The language also included a fairly novel feature of an explicit no-value value called bottom.
FP was succeeded by FL in 1985.
Goedel
Language type: L - Rule-based or logical
Description:
Gödel is an interpreted declarative language based on typed first-order logic. It was designed as a research vehicle, and also as a language for teaching logic programming.
Data types supported by Gödel include integers, rational and real numbers, sets, strings, tuples, and symbols. The language is strongly typed, and the type mechanisms play an important role in declaring predicates. Unlike most logic-based languages, Gödel has a module system and cross-module type enforcement.

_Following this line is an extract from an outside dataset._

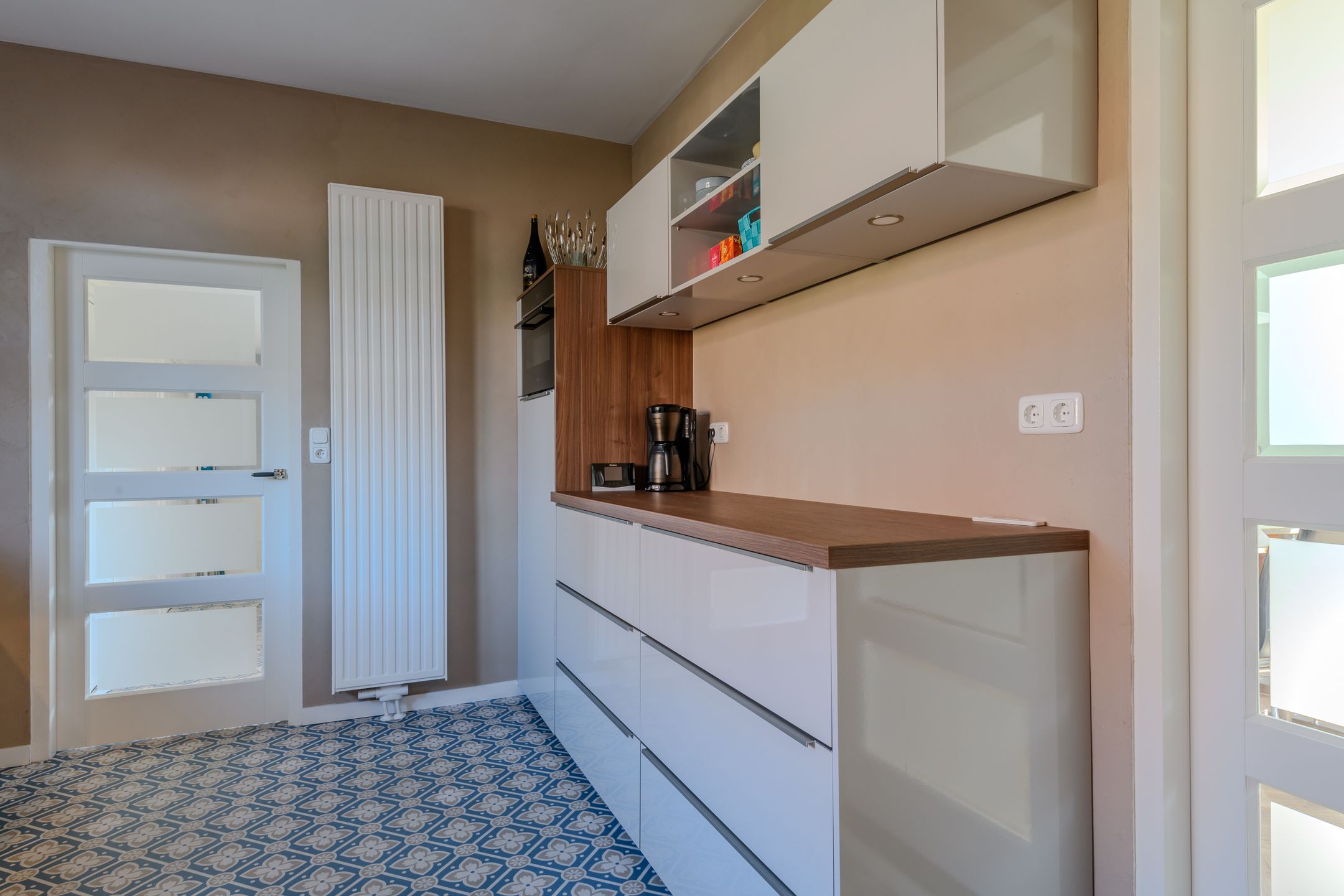 Foto 18 van Oude Kerkstraat 24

Gödel is also intended for research into program generation and transformation, parallel constraint programming, and meta-programming.
The only existing implementation of the language was written on top of Prolog.

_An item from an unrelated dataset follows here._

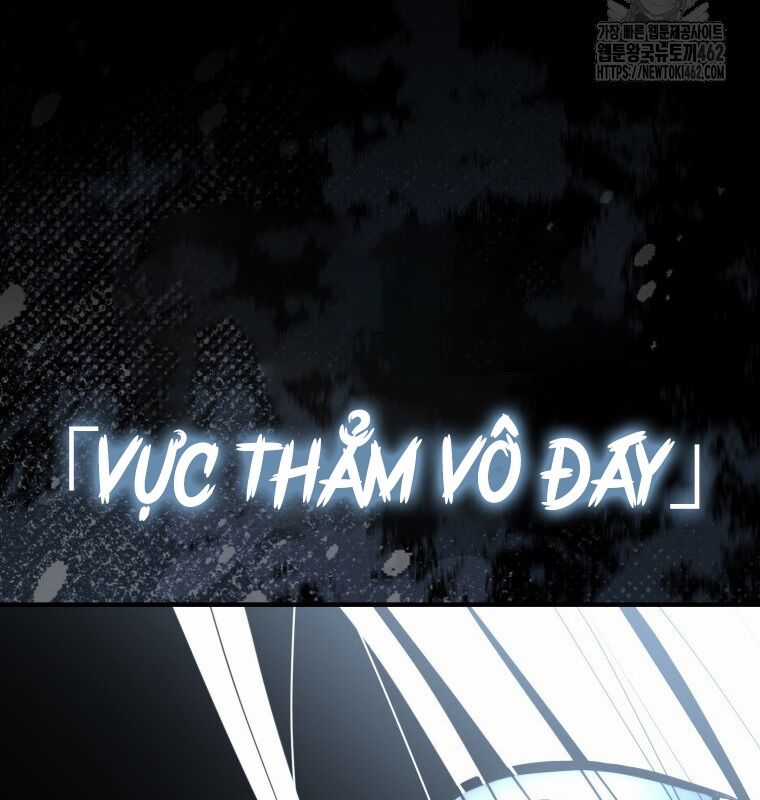 Cuồng Long Kiếm Thần - Chapter 15 - Trang 5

A substantial implementation of Gödel is available in source form, as well as binaries for various Unix systems. Some documentation and example programs come with the distribution, but real descriptions of the language are limited to hardcopy books.
GPSS
Language type: M - Mathematical or Simulation
Description:
GPSS, the General Purpose Simulation System, is a family of mostly-declarative languages designed for discrete-event simulation and system modelling.
A GPSS simulation program consists of a set of blocks, and connections between them. Block types include generators, queues, servers, selectors/routers, data collectors, timing and computational nodes, and various other types. Data types supported in simulation models varied between versions, but usually included integers, reals, strings, and records. GPSS systems always had sophisticated random sample generators to model various probability distributions that arise in modelling of real-world processes.
Some versions of GPSS are still available for sale commercially, no free versions seem to be available. Documentation for the language is not easily available on-line.
Haskell
Language type: F - Functional or lambda-based
Description:
Haskell is a non-strict purely functional language, usually interpreted, designed by representatives of the functional programming community. The motivation for Haskell was unification of functional programming through the introduction of a standard, widespread, modern language.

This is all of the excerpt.